Tuesday, April 24, 2012

Pecan-Chocolate-Espresso Coffee Cake


I am really lovingThe Back in the Day Bakery Cookbookhttp://www.assoc-amazon.com/e/ir?t=ollapodrid-20&l=as2&o=1&a=1579654584.  I tried my second recipe from the book with, again, wonderful results. With my oldest son paying us an early morning visit to help us with some major chores, I thought a coffee cake was in order.  I’d been eying this one during my near daily perusals of the book, so made it this morning.  The interior is flavorful, dense, and moist; the topping is such a complex combination of flavors that your mouth won’t quite know what to think.  Suffice it to say that we all enjoyed it.

Pecan-Chocolate-Espresso Coffee Cake

2 cups unbleached flour
1 cup packed light brown sugar
1/2 cup granulated sugar
8 tablespoons (1 stick) unsalted butter, at room temperature
3/4 teaspoon fine sea salt
3/4 cup chopped pecans, toasted
3 ounces bittersweet chocolate, finely chopped
2 teaspoons espresso powder
1 teaspoon baking soda
1 cup regular or low-fat buttermilk
1 large egg
1/2 teaspoon vanilla extract
1/2 teaspoon almond extract

Position a rack in the lower third of the oven and preheat the oven to 350 degrees. Grease a 9-inch square baking pan with nonstick cooking oil spray and line the bottom with parchment paper.

Combine the flour, both sugars, butter and salt in the bowl of a hand-held electric mixer or a stand mixer. Beat on low speed, then on medium speed until the mixture resembles coarse meal.

Transfer 3/4 cup of the mixture to a small bowl. Stir in the toasted pecans, chocolate and espresso powder to form the crumb topping.

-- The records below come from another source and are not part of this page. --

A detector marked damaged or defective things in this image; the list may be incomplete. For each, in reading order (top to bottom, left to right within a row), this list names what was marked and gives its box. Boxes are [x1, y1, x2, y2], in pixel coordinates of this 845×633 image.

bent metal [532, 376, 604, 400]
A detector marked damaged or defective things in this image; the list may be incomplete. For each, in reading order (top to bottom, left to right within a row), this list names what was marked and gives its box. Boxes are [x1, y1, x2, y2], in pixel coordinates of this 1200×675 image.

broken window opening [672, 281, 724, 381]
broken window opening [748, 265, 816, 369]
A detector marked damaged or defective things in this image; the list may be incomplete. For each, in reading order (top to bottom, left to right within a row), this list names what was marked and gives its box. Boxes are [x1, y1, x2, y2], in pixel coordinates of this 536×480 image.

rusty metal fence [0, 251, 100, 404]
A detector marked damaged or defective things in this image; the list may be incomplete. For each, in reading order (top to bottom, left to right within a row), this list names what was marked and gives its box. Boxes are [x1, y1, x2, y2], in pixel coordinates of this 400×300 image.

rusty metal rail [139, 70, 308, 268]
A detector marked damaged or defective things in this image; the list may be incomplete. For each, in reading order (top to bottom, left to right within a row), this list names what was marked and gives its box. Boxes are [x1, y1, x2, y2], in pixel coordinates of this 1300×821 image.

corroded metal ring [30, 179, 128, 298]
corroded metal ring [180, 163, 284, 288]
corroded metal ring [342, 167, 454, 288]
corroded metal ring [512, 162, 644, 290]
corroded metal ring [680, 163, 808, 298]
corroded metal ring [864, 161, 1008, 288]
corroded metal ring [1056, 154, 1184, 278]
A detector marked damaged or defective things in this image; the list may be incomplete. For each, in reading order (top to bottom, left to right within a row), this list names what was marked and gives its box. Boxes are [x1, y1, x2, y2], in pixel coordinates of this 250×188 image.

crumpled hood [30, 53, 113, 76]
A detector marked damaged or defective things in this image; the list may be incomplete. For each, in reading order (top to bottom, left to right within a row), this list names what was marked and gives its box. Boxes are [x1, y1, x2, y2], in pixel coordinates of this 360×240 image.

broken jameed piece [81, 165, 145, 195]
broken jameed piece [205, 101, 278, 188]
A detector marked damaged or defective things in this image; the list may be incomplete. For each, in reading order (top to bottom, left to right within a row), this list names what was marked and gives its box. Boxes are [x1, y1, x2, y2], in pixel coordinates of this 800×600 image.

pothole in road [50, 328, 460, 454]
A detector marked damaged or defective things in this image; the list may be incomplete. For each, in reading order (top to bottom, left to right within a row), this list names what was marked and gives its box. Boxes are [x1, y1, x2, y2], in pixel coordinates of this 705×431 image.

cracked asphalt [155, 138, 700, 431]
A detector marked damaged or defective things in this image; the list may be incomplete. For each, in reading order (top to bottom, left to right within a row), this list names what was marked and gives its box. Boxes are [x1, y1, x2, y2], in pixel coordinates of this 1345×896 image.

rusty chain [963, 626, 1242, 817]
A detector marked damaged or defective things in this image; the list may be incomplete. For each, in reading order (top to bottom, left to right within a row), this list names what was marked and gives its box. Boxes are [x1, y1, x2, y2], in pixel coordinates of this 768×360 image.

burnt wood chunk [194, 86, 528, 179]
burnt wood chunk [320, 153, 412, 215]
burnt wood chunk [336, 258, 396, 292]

Sprinkle the baking soda onto the remaining flour-butter-sugar mixture; add the buttermilk, egg, and vanilla and almond extracts. Beat on medium speed just until combined. Scrape the batter into the prepared baking pan, spreading it evenly. Sprinkle the crumb topping evenly over the batter.

Bake for 40 to 45 minutes, until the top is golden brown and a cake tester inserted into the center of the cake comes out clean. Set the pan on a cooling rack, and unmold when the cake has cooled.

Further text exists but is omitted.